Feral pig (USA Today). |
At Sports Illustrated, a Texas-centered account of North America's growing wild/feral pig problem and the hunting of same from helicopters by paying customers.
Wild pigs, by all accounts, make entertaining quarry for these sportsmen. They’re smart, elusive and faster than you think—up to 30 mph at a sprint. And that very appeal is, essentially, the root of the whole problem. America’s love of pigs as sport-hunting fodder has sowed a situation it can’t shoot its way out of. And might not want to.Up in Saskatchewan, where there are few good flying days, corral-style traps and "Judas pigs" are touted as an answer on agricultural lands. (I think I will start saying that whenever I am annoyed: "Well, Judas pig!")

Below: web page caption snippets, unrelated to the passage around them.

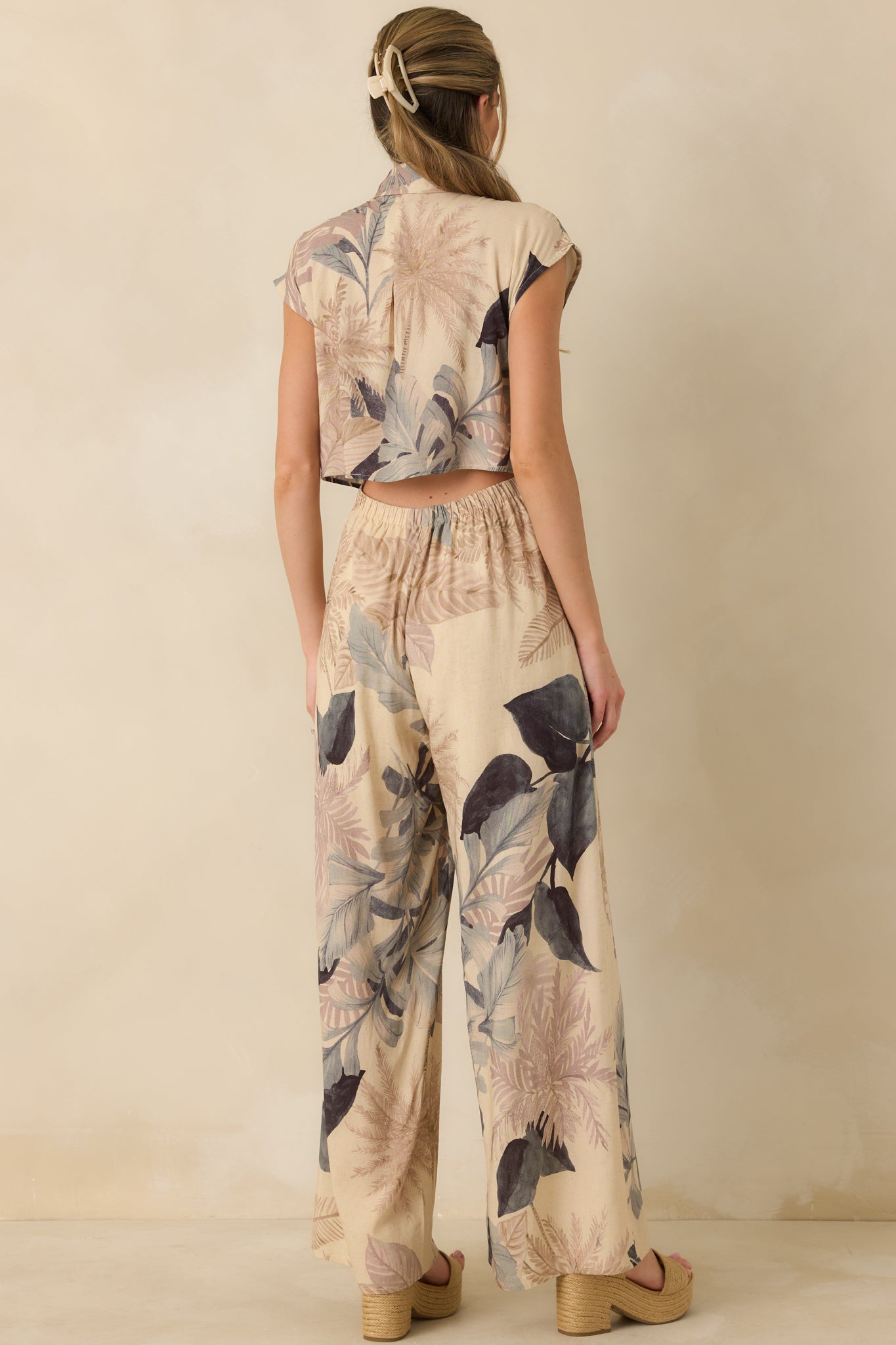 Back view of beige tropical print jumpsuit featuring open back design and elastic waistband for shaping.
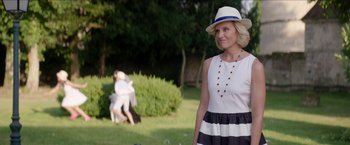 Movie still from “Madame” (2017), directed by Amanda Sthers – A woman wearing a white hat and a black and white striped dress; Medium shot, Over the shoulder angle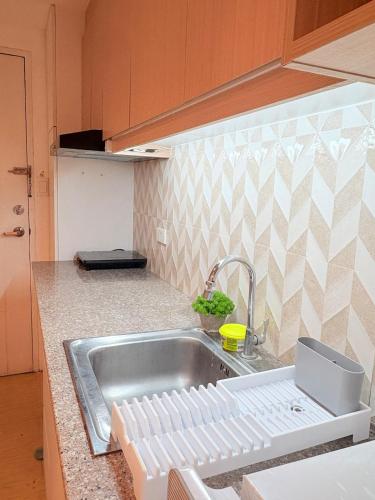 a kitchen with a sink and a counter top at Sunvida Tower Across SM Cebu CITY VIEW in Cebu City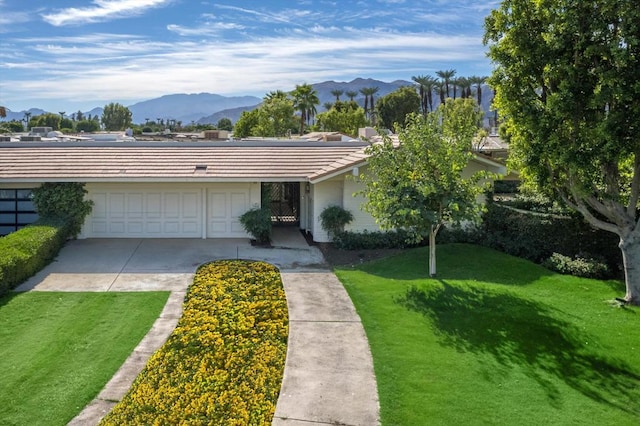 ranch-style home featuring a mountain view, a garage, and a front yard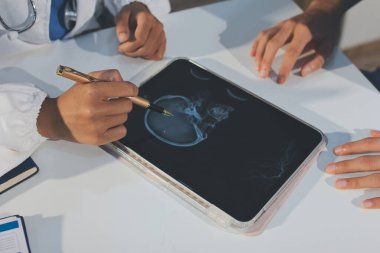 Tanımlanamayan bir doktorun hastasıyla oturup röntgenlerini dijital tablette gösterirken görüntüsü kesilmiş.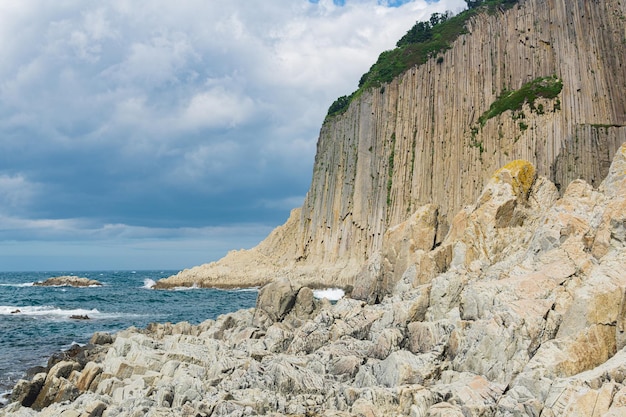 High coastal cliff formed by stone columns Cape Stolbchaty on the island of Kunashir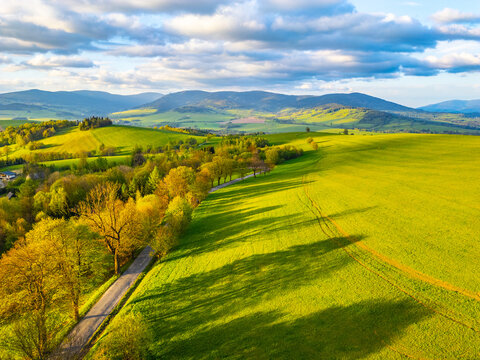 An aerial view of a winding road cutting through a rolling landscape of green fields and trees in the Kralicky Sneznik Mountains of Czechia. The sun casts long shadows across the fields.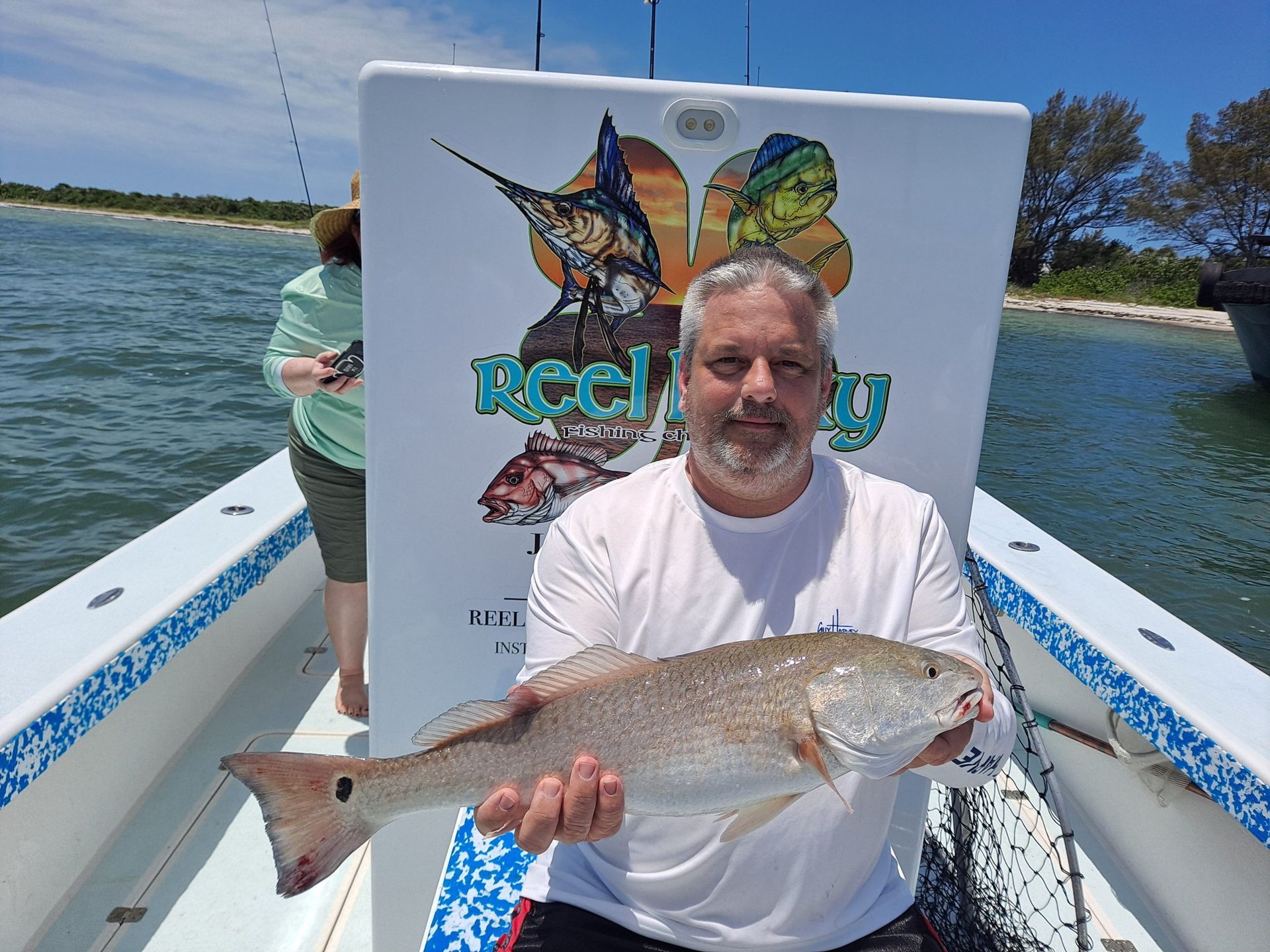 Man on boat holding a large redfish, smiling, with a 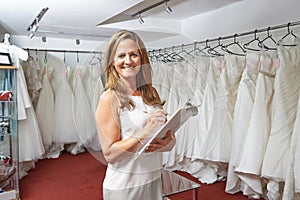 Portrait Of Female Bridal Store Owner With Wedding Dresses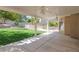 Inviting covered patio overlooking a green lawn and a fenced swimming pool at 3633 Fox Heather Dr, Las Vegas, NV 89129
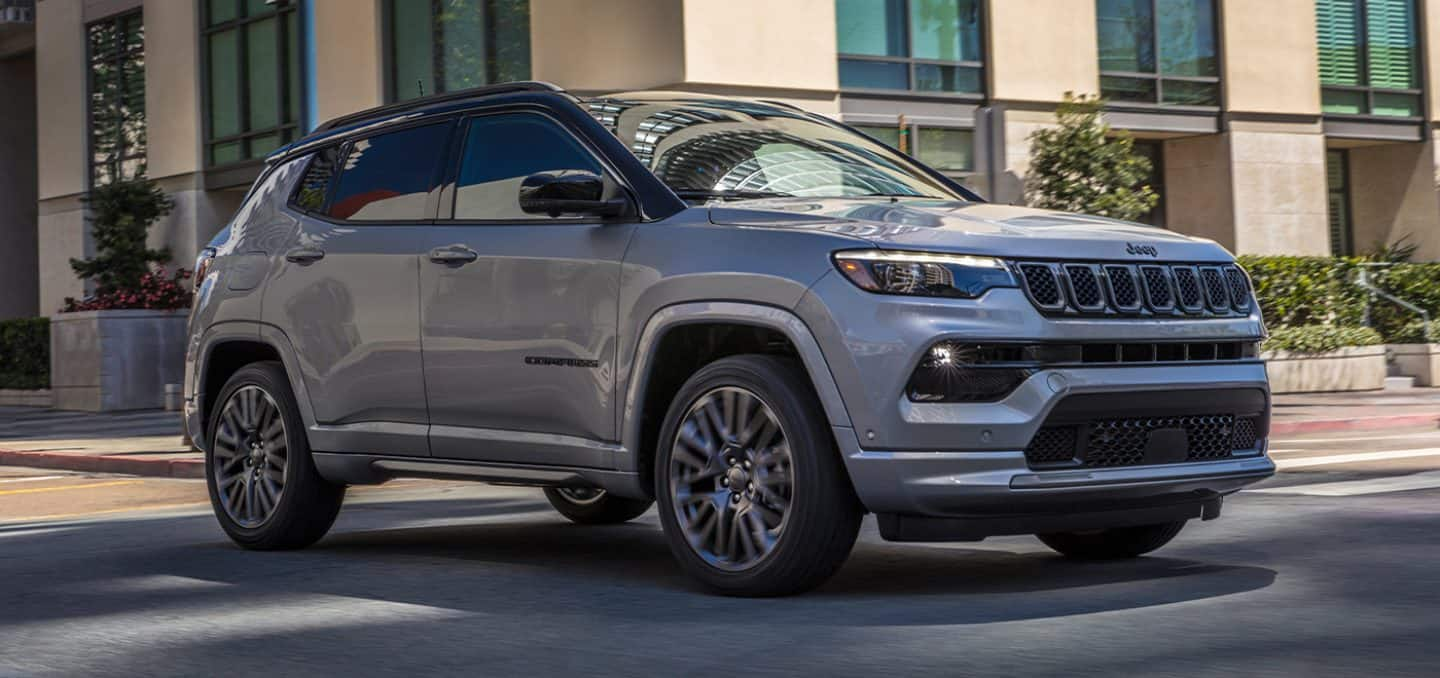 Display A 2024 Jeep Compass High Altitude being driven through an intersection on a city street.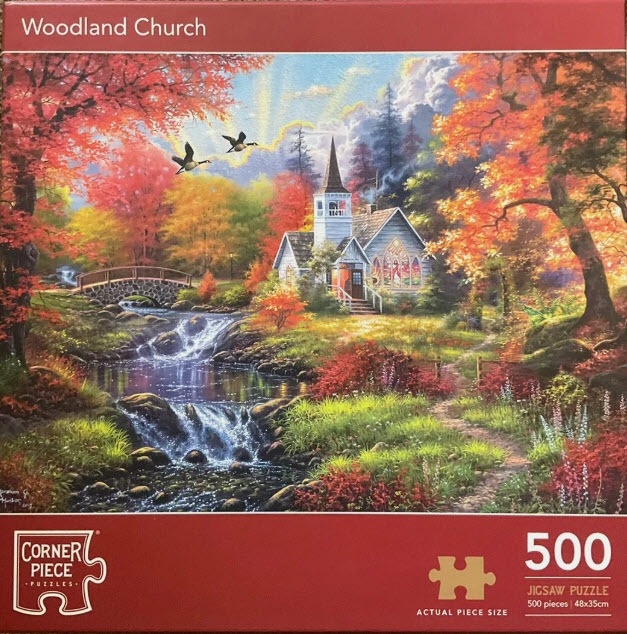 A peaceful woodland scene featuring a church, a bubbling stream, and autumn trees.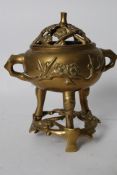 A 20th century Chinese brass incense burner raised over a trivet base complete with frog/grid atop.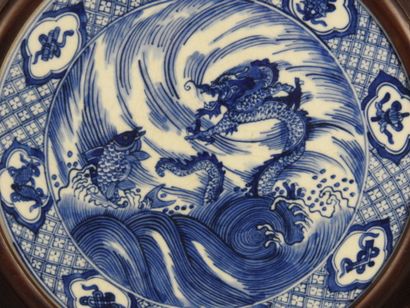 CHINA: Large carved exotic wood screen adorned...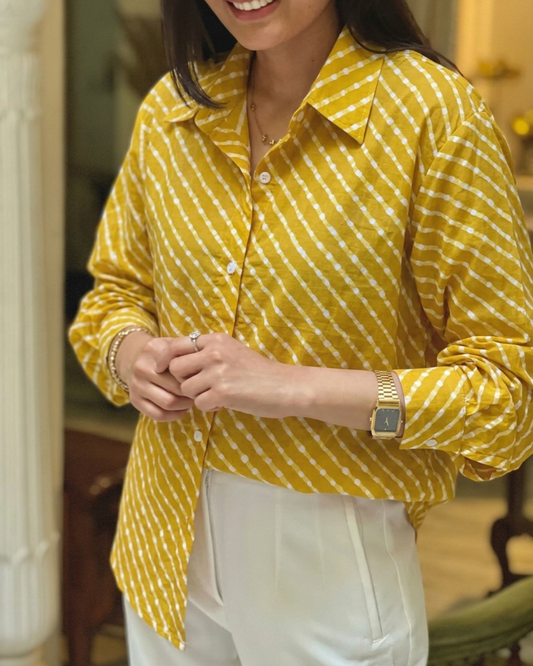 A woman wearing a yellow and white patterned button-up shirt with white pants, shown from the chest down in an indoor setting.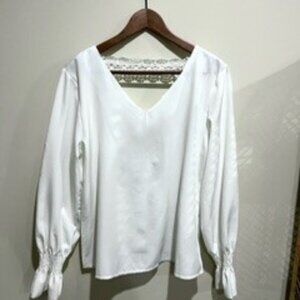 White V-neck blouse with lace back detail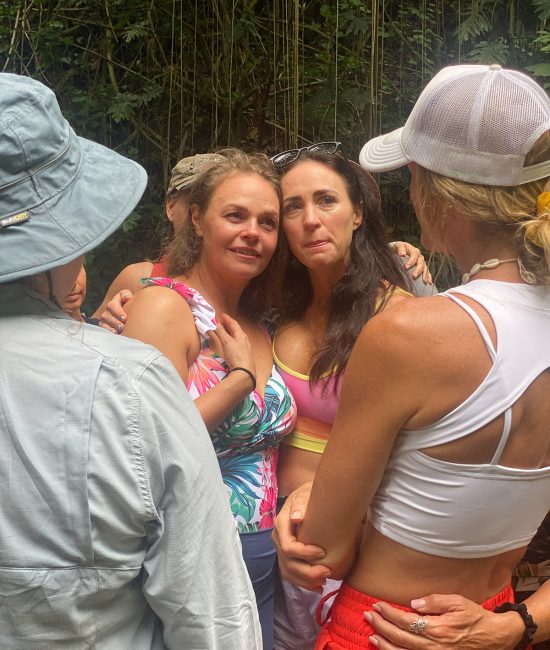 Women embracing and supporting one another during an emotional healing moment at a women's retreat in Kauai.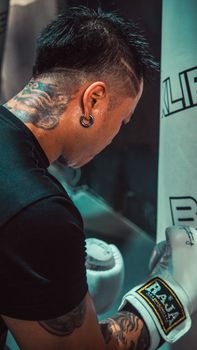 A focused boxer with tattoos and gloves practicing indoors at a punching bag.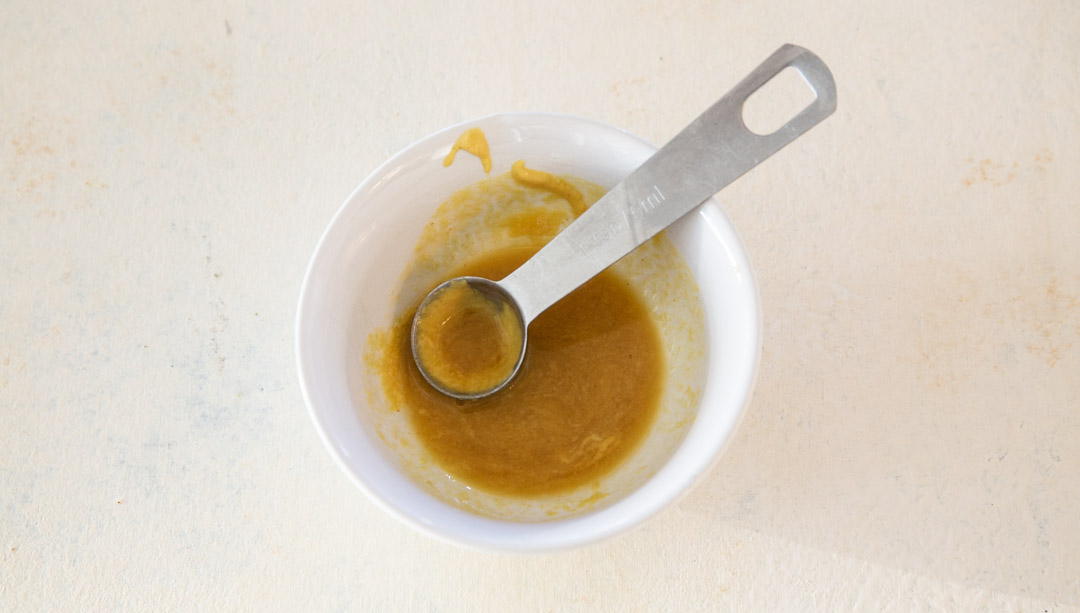 Maple glaze mixed in a small bowl.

“If they were not fun to hunt, we would not be in the shape we’re in,” says Higginbotham, a beard’s worth of mustache framing his mouth on three sides. “And I term it to be: We’re in a war.”
I do not know if southern Colorado lacks a major pig problem, or if I have just not talked to the right people. So far, I have seen only one alive, in a little riparian area feeling into Pueblo Reservoir. Southeastern Colorado seems to be the place, but this outfitter is on the Western Slope.
Another time, my dog Shelby (the Bandit Queen, we called her) disappeared, and I found her about a mile away along a little gravel road, chewing lumps of fat off a discarded black pig's hide. So somebody got one somewhere. Shelby paid the price that night, vomiting copiously.